Sehstörungen: Mögliche Ursachen und wann zum Arzt
Siehst du plötzlich verschwommen, flimmernd oder doppelt? Hier erfährst du, was hinter Sehstörungen stecken kann und wann eine schnelle Abklärung wichtig ist.

Arzt und Mitgründer
Auf einen Blick
- Sehstörungen können sich als Verschwommensehen, Flimmern, Lichtblitze, Doppelbilder oder Schatten im Gesichtsfeld zeigen.
- Für die Einordnung sind Details wichtig: ein oder beide Augen, plötzlich oder schleichend, Dauer und Begleitsymptome.
- Häufige Alltagsauslöser sind trockene Augen, Übermüdung, lange Bildschirmzeit oder eine nicht passende Sehhilfe.
- Plötzlicher Sehverlust, „Rußregen“ mit Lichtblitzen, starke Augenschmerzen oder neurologische Ausfälle sollten rasch abgeklärt werden.
Typen von Sehstörungen
Wie Sehstörungen sich anfühlen, ist sehr unterschiedlich – und genau diese Unterschiede helfen oft bei der Einordnung. Viele beschreiben verschwommenes Sehen: Alles wirkt weniger scharf, als hätte man einen leichten Nebel vor den Augen, manchmal nur in der Ferne oder nur beim Lesen. Andere erleben Flimmern oder „Zickzacklinien“, Lichtblitze (kurze, helle Aufleuchtmomente) oder Doppelbilder, bei denen ein Objekt zweimal erscheint. Auch ein „Schleier“ oder ein dunklerer Bereich im Blickfeld kann vorkommen, etwa wie ein Schatten am Rand oder ein Stück, in dem Details fehlen. Wichtig ist: Verschwommenes Sehen ist nicht dasselbe wie ein echter Sehverlust – also dass du gar nichts mehr siehst oder ein Teil des Gesichtsfeldes „weg“ ist. Manche Veränderungen dauern nur Sekunden bis Minuten und verschwinden wieder, andere halten an oder kommen wiederholt.
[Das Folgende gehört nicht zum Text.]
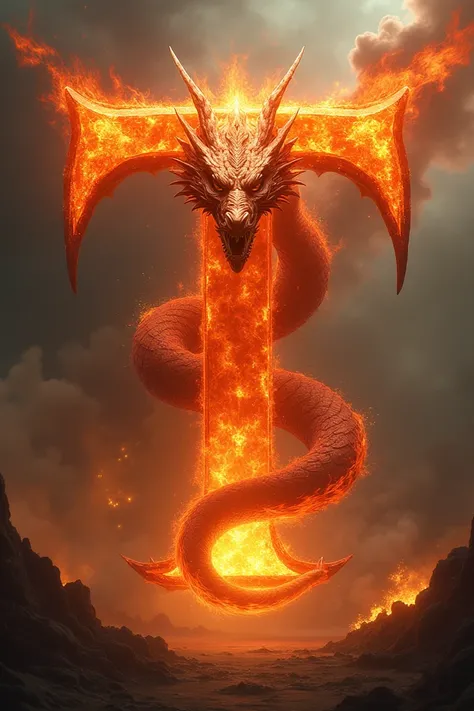  Create a fire dragon image, wrap around the letter T 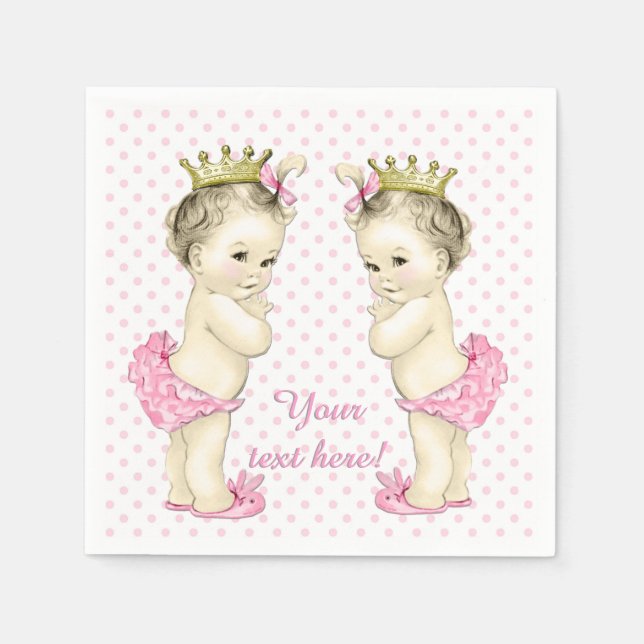 Guardanapo De Papel Chá de Bebê Gêmeas Princesa Rosa Antigo (Frente)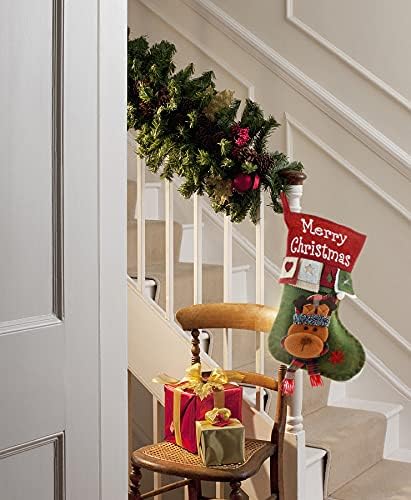 YULOONG Grosse Weihnachtsstrümpfe Weihnachtsmann Schneemann Hirsch Set Weihnachtsgeschenktüten Weihn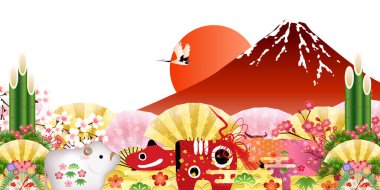 İnek Yeni Yıl Kartı Japon şablonu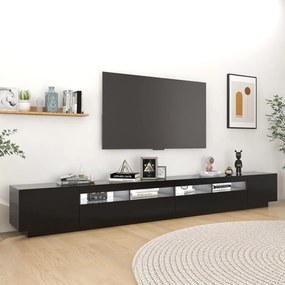 Móvel de TV com luzes LED 300x35x40 cm preto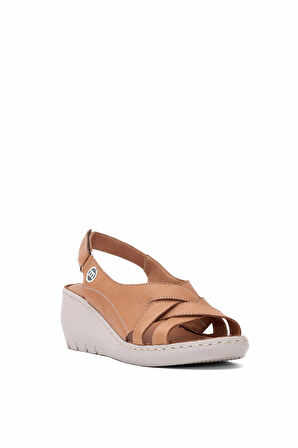 Mammamia D25YS-2510 Kadın Hakiki Deri Dolgu Topuk Sandalet Taba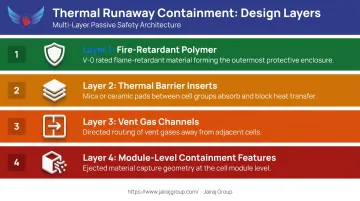 Four-layer thermal runaway containment strategy for battery module holder design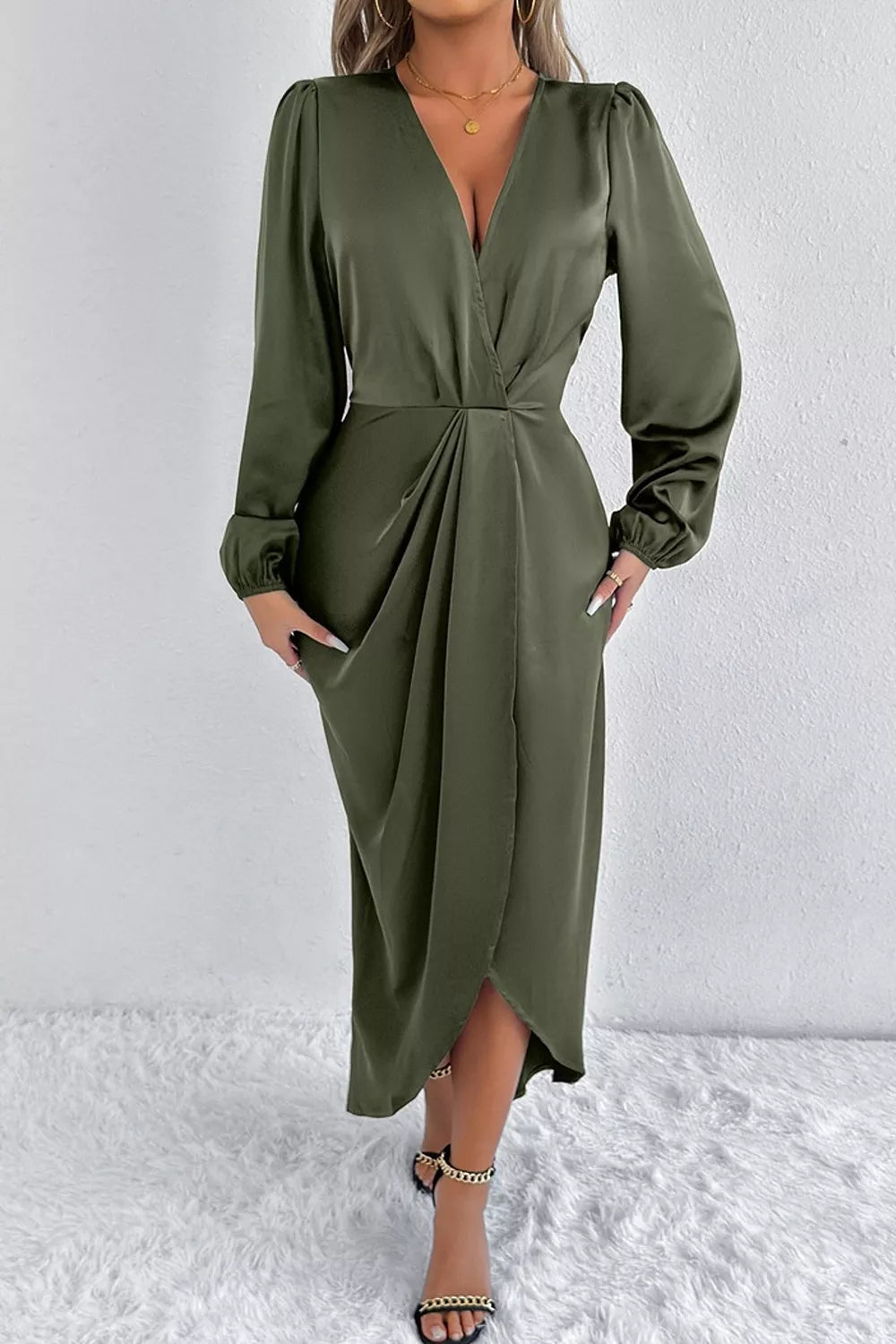 Trendsi Satin Balloon Sleeve Midi Dress -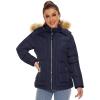 imageSzory Womens Winter Thicken Coats Warm Short Puffer Jackets with Removable Fur Hood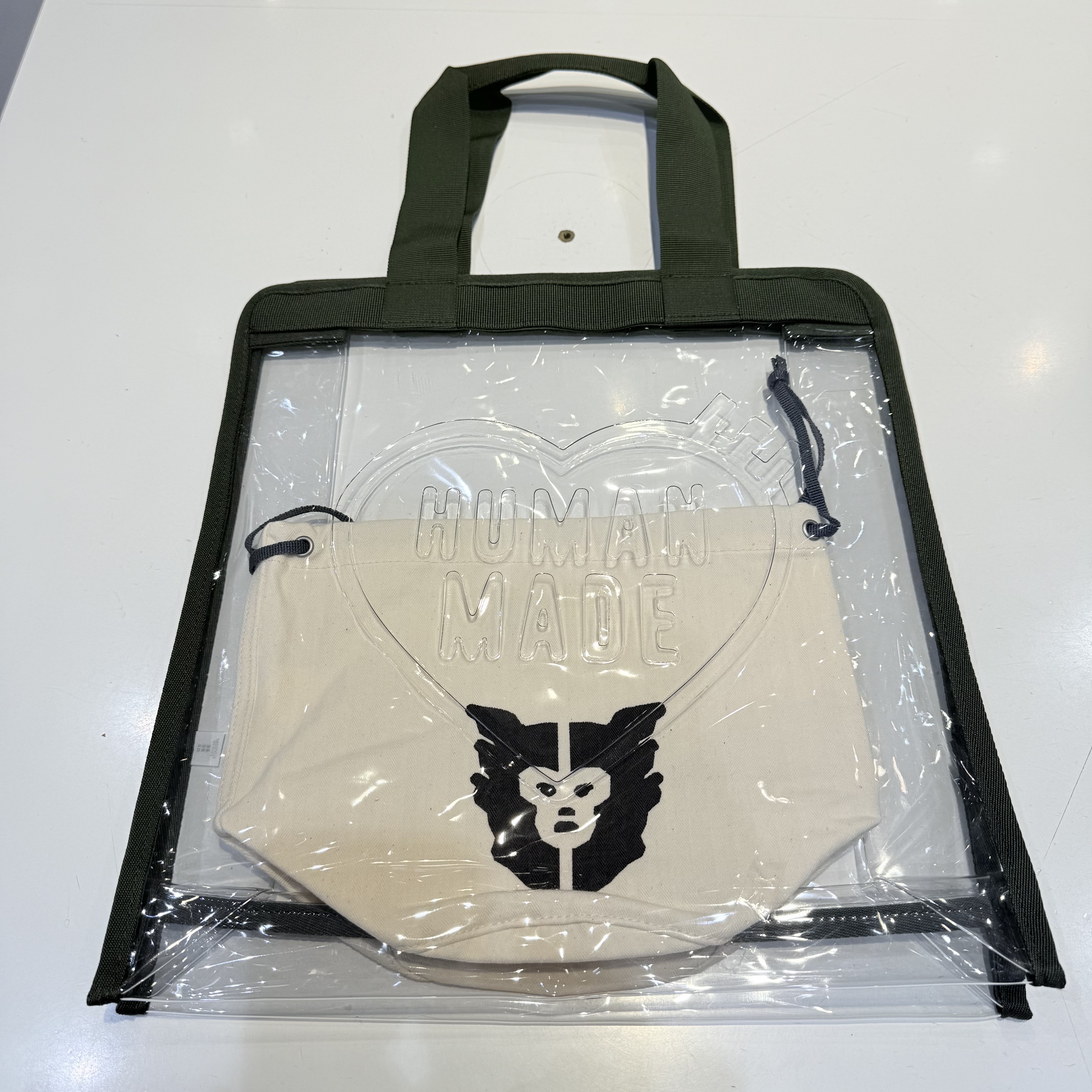 Human Made Drawstring Bag White, Human Made PVC Tote Clear 착용 스타일 - 1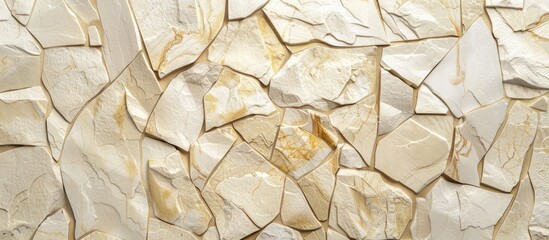 Aufkleber - A chic stone with a decorative mosaic featuring a beige rough texture, perfect for both floors and walls, providing an excellent backdrop for photography or design with copy space image.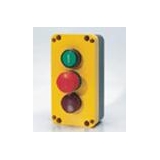 Kasetka sterownicza: przycisk zielony 1NO, grzybek bezpieczeństwa 1NC, lampka LED PQ03A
Für Ärztinnen und Ärzte (und auch für dich zur Orientierung) sind vor allem ein paar Details entscheidend: Betrifft es ein Auge oder beide? Wenn du ein Auge abdeckst und es bleibt doppelt, spricht das eher für ein Problem in diesem Auge; ist es nur mit beiden Augen zusammen doppelt, kann es eher an der Zusammenarbeit beider Augen liegen. Ebenso wichtig ist das Tempo: Tritt es plötzlich auf (innerhalb von Minuten) oder schleicht es sich über Tage bis Monate ein? Plötzliche Veränderungen sind oft bedrohlicher – umgekehrt sollten auch schleichende Probleme ärztlich abgeklärt werden. Hilfreich sind auch Begleitzeichen: Rötung oder Schmerzen am Auge, Kopfschmerzen, Übelkeit, Schwindel, ein neues „Rußregen“-Gefühl mit vielen dunklen Punkten oder ein Schatten im Gesichtsfeld. Wenn du dir merkst, wann es begonnen hat, wie lange es dauert, ob es bei Belastung (Bildschirm, Müdigkeit, helles Licht) schlimmer wird und ob ein Auge deutlich anders betroffen ist als das andere, hast du schon viele Informationen gesammelt, die bei der Einordnung weiterhelfen.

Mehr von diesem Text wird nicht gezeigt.